__ASSIGNMENT__: Could you output the listing that follows exactly, without its images?

__GIVEN INFORMATION__:
Start of Block

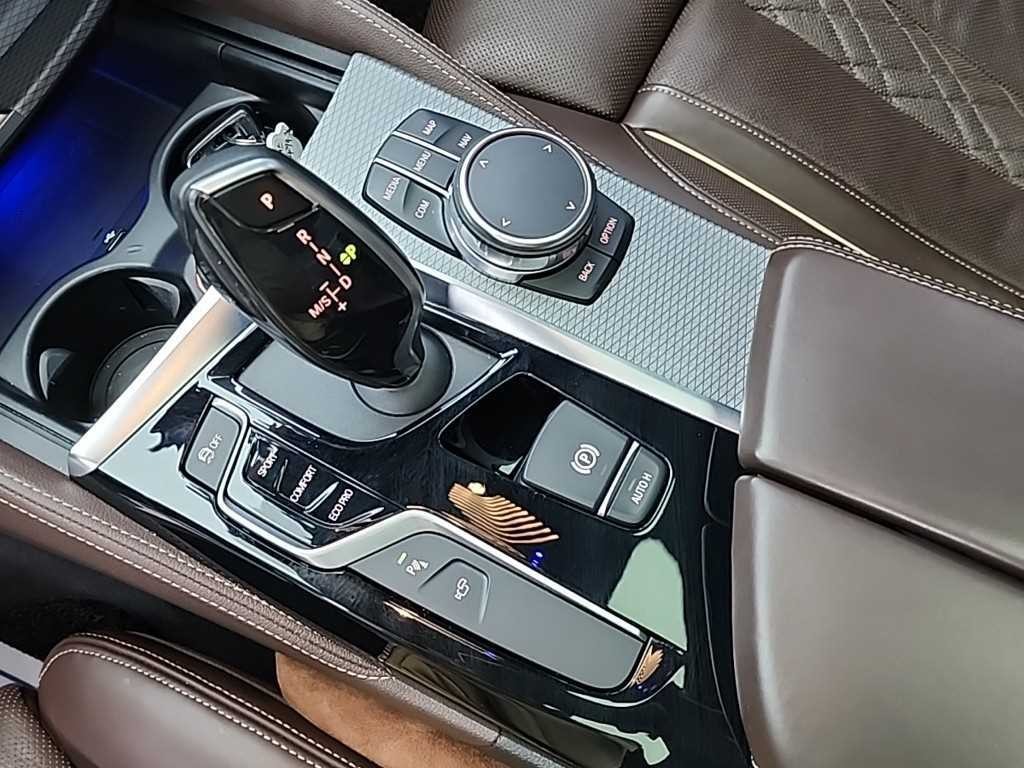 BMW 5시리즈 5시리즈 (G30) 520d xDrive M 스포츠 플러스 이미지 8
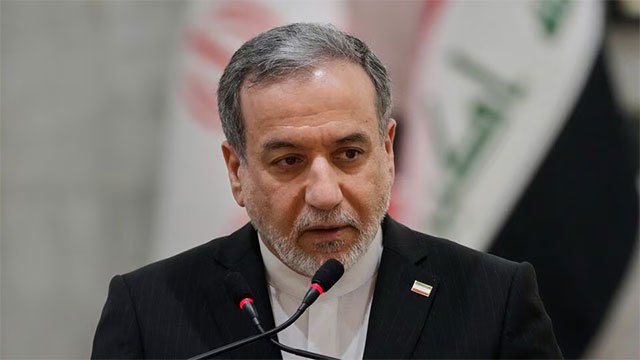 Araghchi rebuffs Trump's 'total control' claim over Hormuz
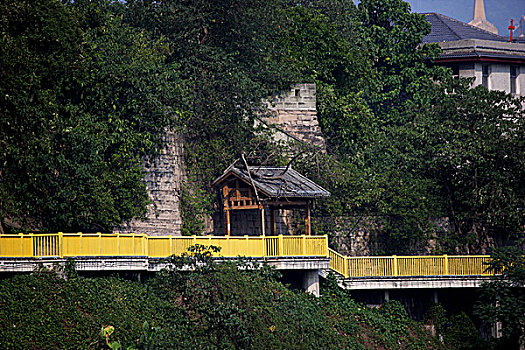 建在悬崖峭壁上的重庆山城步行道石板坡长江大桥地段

End of Block

__SOLUTION TO THIS PROBLEM__:
 BMW 5시리즈 5시리즈 (G30) 520d xDrive M 스포츠 플러스 이미지 8
 Araghchi rebuffs Trump's 'total control' claim over Hormuz
 建在悬崖峭壁上的重庆山城步行道石板坡长江大桥地段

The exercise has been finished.